South Korea's antitrust watchdog on Tuesday approved the creditor banks' plan to overhaul troubled builder Kumho Industrial Co. via a debt-to-equity swap, paving the way for them to accelerate the restructuring.
Main creditor Korea Development Bank (KDB) and others are seeking to normalize the ailing builder by converting the value of 79 billion won (US$72.8 million) in commercial paper held by its affiliate Asiana Airlines Inc. into equity.
The Fair Trade Commission (FTC) concluded that the creditors' plan is not against the law on banning cross-shareholding, following high-stake deliberations.
Controversy has centered on whether the proposed debt-to-equity swap could be recognized as an exception in banning fresh cross-shareholding when corporate restructuring is involved.
Kumho Industrial holds a 30 percent stake in Asiana Airlines, and if the debt-to-equity swap is conducted, the country's No. 2 carrier will have a 13 percent interest in the builder, which would create the cross-shareholding structure.
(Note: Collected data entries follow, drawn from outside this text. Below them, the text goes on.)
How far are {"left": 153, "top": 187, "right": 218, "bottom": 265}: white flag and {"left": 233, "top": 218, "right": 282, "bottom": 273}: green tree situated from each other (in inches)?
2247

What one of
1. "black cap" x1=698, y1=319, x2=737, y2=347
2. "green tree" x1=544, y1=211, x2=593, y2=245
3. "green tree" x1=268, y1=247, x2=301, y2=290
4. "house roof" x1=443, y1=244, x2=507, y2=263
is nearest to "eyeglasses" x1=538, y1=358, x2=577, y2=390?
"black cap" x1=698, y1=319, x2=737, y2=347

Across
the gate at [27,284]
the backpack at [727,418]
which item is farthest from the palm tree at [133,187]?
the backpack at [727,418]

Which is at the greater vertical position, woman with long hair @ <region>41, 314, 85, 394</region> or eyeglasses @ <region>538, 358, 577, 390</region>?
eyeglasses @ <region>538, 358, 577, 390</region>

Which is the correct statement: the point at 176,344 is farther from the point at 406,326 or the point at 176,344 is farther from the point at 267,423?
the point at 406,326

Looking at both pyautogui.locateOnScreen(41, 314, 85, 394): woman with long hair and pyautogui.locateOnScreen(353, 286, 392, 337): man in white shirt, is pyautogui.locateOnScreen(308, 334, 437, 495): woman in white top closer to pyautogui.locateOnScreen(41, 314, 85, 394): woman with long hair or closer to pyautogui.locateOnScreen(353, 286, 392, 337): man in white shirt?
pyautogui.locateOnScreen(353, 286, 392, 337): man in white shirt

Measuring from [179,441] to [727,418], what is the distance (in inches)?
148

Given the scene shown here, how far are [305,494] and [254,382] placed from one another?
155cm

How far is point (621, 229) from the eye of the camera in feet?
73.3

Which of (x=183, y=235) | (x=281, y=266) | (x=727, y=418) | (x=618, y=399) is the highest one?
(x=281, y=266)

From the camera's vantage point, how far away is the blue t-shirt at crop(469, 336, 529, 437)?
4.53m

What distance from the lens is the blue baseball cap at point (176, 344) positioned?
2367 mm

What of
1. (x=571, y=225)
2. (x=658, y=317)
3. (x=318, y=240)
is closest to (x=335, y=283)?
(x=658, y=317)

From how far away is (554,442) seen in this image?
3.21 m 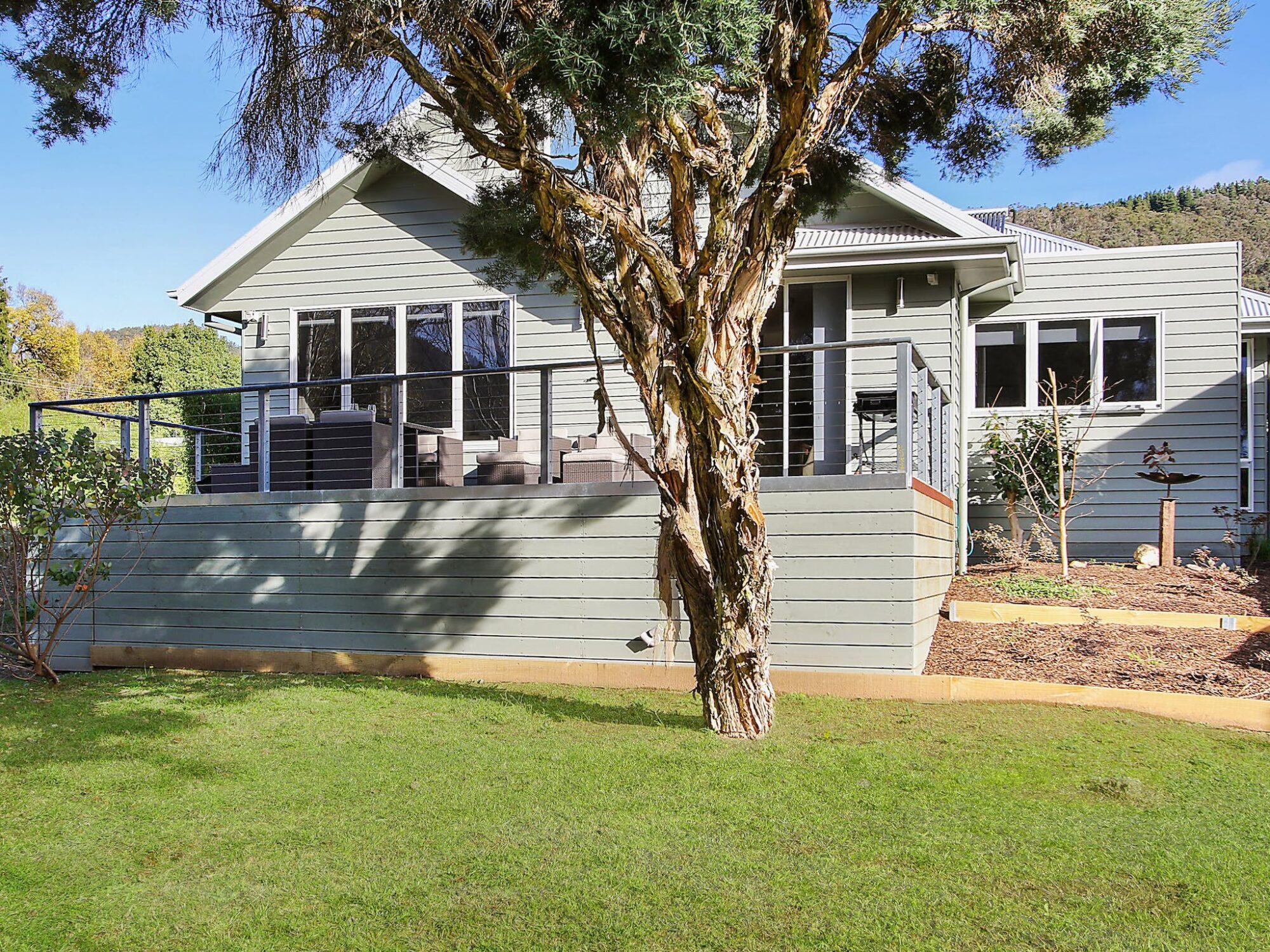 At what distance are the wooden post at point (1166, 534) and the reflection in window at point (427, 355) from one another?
7483mm

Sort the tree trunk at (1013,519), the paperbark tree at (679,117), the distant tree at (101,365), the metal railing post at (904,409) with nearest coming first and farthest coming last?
1. the paperbark tree at (679,117)
2. the metal railing post at (904,409)
3. the tree trunk at (1013,519)
4. the distant tree at (101,365)

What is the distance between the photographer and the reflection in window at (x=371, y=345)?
36.8ft

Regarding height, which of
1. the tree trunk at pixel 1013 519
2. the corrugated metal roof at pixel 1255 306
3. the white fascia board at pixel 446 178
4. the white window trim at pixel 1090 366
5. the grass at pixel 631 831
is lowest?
the grass at pixel 631 831

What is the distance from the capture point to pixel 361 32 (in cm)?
467

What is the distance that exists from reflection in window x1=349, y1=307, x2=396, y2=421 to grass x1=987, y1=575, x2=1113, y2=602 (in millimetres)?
6657

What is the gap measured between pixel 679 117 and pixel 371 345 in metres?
7.02

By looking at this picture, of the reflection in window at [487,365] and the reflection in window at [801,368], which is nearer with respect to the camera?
the reflection in window at [801,368]

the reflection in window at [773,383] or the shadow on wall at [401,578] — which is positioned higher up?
the reflection in window at [773,383]

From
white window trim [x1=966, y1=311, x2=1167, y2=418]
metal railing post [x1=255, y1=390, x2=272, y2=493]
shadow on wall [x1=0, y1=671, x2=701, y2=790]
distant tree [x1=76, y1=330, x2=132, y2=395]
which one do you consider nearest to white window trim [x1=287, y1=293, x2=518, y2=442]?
metal railing post [x1=255, y1=390, x2=272, y2=493]

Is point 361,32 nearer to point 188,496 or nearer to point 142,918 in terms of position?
point 142,918

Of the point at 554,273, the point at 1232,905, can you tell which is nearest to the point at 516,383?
the point at 554,273

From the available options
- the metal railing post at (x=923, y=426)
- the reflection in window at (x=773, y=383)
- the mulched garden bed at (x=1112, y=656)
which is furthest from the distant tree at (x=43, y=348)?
the mulched garden bed at (x=1112, y=656)

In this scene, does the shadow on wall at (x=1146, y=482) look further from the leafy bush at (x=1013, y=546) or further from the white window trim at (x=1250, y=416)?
the white window trim at (x=1250, y=416)

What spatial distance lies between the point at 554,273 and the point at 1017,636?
5293 mm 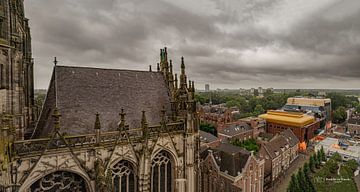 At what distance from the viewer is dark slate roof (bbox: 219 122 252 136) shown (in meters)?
59.5

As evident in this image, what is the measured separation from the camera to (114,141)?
574 inches

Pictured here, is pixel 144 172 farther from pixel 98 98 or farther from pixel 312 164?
pixel 312 164

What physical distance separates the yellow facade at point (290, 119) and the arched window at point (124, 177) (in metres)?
68.5

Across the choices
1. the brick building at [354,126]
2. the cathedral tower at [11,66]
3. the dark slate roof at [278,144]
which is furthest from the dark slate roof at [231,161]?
the brick building at [354,126]

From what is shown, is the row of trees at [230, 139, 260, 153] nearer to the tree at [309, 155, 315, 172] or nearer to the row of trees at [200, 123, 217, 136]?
the tree at [309, 155, 315, 172]

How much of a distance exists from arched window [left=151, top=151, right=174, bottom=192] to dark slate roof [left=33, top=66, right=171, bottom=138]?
3012 mm

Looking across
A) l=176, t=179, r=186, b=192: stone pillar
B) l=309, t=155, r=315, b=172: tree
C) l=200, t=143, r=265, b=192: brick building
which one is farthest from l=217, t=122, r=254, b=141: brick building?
l=176, t=179, r=186, b=192: stone pillar

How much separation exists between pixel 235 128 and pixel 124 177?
2014 inches

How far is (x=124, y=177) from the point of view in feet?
51.2

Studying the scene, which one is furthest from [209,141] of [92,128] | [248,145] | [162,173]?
[92,128]

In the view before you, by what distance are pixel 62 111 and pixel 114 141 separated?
424 cm

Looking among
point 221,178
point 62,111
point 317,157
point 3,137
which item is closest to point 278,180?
point 317,157

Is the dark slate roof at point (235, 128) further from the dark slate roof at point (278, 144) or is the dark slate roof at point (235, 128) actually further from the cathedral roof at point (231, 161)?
the cathedral roof at point (231, 161)

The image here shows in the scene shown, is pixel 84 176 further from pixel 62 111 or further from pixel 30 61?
pixel 30 61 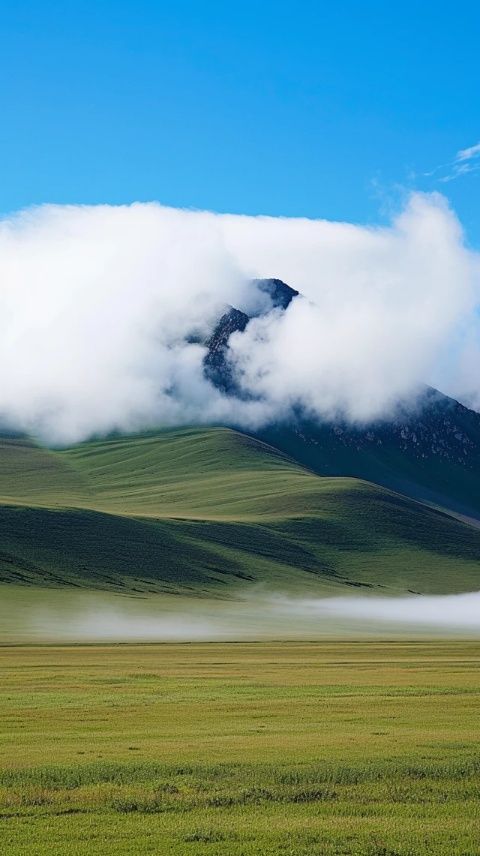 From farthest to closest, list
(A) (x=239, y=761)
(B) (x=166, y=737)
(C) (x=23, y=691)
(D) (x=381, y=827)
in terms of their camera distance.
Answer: (C) (x=23, y=691)
(B) (x=166, y=737)
(A) (x=239, y=761)
(D) (x=381, y=827)

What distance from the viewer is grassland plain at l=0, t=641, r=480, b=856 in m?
27.5

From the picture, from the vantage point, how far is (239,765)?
1447 inches

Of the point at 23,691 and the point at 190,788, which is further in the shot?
the point at 23,691

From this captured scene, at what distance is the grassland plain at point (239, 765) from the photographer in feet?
90.3

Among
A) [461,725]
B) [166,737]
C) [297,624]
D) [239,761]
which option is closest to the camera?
[239,761]

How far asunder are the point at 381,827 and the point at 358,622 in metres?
156

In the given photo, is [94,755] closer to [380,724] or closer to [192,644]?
[380,724]

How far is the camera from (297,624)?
569 feet

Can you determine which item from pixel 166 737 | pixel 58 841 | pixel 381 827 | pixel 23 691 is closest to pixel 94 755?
pixel 166 737

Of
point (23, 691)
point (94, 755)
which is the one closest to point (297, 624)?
point (23, 691)

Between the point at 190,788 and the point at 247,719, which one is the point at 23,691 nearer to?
the point at 247,719

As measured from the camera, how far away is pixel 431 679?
234 ft

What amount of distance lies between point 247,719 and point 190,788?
55.8 feet

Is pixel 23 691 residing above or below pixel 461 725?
below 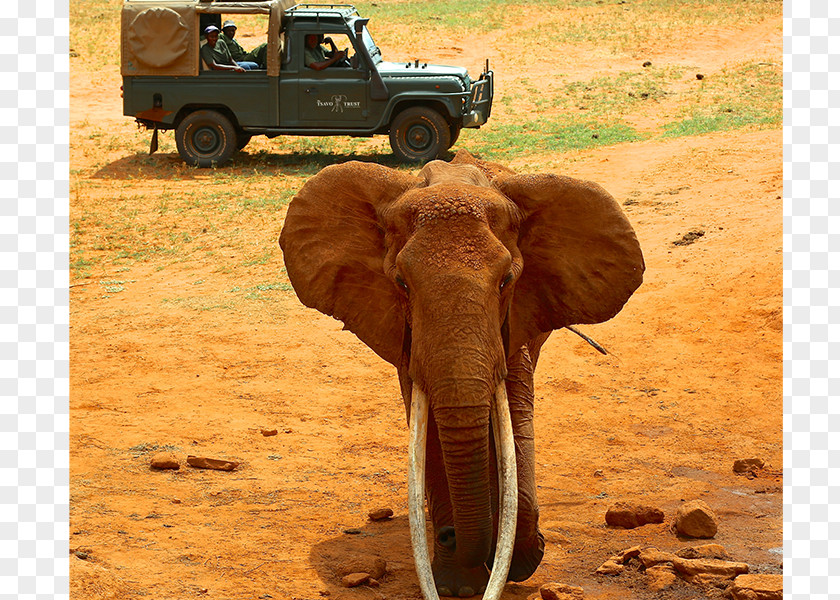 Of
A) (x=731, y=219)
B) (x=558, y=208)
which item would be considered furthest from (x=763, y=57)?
(x=558, y=208)

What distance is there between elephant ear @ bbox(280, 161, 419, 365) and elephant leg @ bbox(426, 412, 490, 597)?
20.9 inches

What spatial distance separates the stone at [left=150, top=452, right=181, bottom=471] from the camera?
6820mm

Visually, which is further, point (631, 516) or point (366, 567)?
point (631, 516)

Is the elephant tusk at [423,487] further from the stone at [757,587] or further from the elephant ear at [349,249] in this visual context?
the stone at [757,587]

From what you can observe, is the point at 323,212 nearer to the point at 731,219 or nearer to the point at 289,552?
the point at 289,552

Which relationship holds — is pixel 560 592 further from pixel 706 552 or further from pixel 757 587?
pixel 706 552

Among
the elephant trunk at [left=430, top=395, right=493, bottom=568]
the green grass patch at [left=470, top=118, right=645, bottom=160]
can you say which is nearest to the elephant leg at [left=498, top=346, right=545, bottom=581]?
the elephant trunk at [left=430, top=395, right=493, bottom=568]

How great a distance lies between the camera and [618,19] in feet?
105

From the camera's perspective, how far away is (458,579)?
5055 mm

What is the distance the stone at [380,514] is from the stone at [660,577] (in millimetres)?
1656

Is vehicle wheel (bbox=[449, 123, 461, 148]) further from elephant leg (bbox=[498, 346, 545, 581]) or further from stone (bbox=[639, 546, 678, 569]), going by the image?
stone (bbox=[639, 546, 678, 569])

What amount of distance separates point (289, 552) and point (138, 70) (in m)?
12.8

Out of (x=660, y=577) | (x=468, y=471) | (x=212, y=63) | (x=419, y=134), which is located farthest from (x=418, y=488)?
(x=212, y=63)

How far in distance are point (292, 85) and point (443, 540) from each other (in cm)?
1245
The government is considering allowing exceptions in restricting fresh cross-shareholding among large conglomerates, saying that corporate overhaul could result in "unintended" cross-shareholding, hinting at relaxing the enforcement for such cases.
"We welcome the FTC's decision. The creditors will proceed with the restructuring move," said an official at KDB.
Asiana Airlines should dispose of the interest to be acquired in six months after a stake purchase under the current law.
The creditors have pumped nearly 6 trillion won into Kumho Industrial, which has been under the debt rescheduling program since 2010 following its parent group Kumho Asiana Group's liquidity crunch.
Despite the liquidity supply, the builder is still undergoing hardship so that without creditors' proposed normalization plan, its capital might be completely eroded by end-2013 and its shares are likely to be delisted from the market.
Cross-shareholding has been criticized for possibly making a company's governance system opaque and leaving open the chance that an affiliate's business failure could quickly spread to the whole group.